**Activity**. All of the data below is to be printed again exactly.

** Exercise materials follows **

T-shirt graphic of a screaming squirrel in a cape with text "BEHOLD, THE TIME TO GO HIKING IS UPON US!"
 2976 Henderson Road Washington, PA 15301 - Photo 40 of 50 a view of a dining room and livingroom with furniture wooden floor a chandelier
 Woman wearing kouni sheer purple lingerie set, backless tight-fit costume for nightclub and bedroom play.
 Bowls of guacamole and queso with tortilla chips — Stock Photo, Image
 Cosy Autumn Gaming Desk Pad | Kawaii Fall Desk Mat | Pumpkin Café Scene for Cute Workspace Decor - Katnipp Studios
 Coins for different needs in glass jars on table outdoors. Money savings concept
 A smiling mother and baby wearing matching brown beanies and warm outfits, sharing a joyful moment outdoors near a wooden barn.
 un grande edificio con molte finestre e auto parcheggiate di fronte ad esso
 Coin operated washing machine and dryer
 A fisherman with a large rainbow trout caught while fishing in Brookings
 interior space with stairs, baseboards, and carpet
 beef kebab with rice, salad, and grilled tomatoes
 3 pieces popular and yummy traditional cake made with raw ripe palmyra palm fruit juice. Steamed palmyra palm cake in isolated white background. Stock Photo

** End of Exercise materials **

**Answer to the problem**.
T-shirt graphic of a screaming squirrel in a cape with text "BEHOLD, THE TIME TO GO HIKING IS UPON US!"
 2976 Henderson Road Washington, PA 15301 - Photo 40 of 50 a view of a dining room and livingroom with furniture wooden floor a chandelier
 Woman wearing kouni sheer purple lingerie set, backless tight-fit costume for nightclub and bedroom play.
 Bowls of guacamole and queso with tortilla chips — Stock Photo, Image
 Cosy Autumn Gaming Desk Pad | Kawaii Fall Desk Mat | Pumpkin Café Scene for Cute Workspace Decor - Katnipp Studios
 Coins for different needs in glass jars on table outdoors. Money savings concept
 A smiling mother and baby wearing matching brown beanies and warm outfits, sharing a joyful moment outdoors near a wooden barn.
 un grande edificio con molte finestre e auto parcheggiate di fronte ad esso
 Coin operated washing machine and dryer
 A fisherman with a large rainbow trout caught while fishing in Brookings
 interior space with stairs, baseboards, and carpet
 beef kebab with rice, salad, and grilled tomatoes
 3 pieces popular and yummy traditional cake made with raw ripe palmyra palm fruit juice. Steamed palmyra palm cake in isolated white background. Stock Photo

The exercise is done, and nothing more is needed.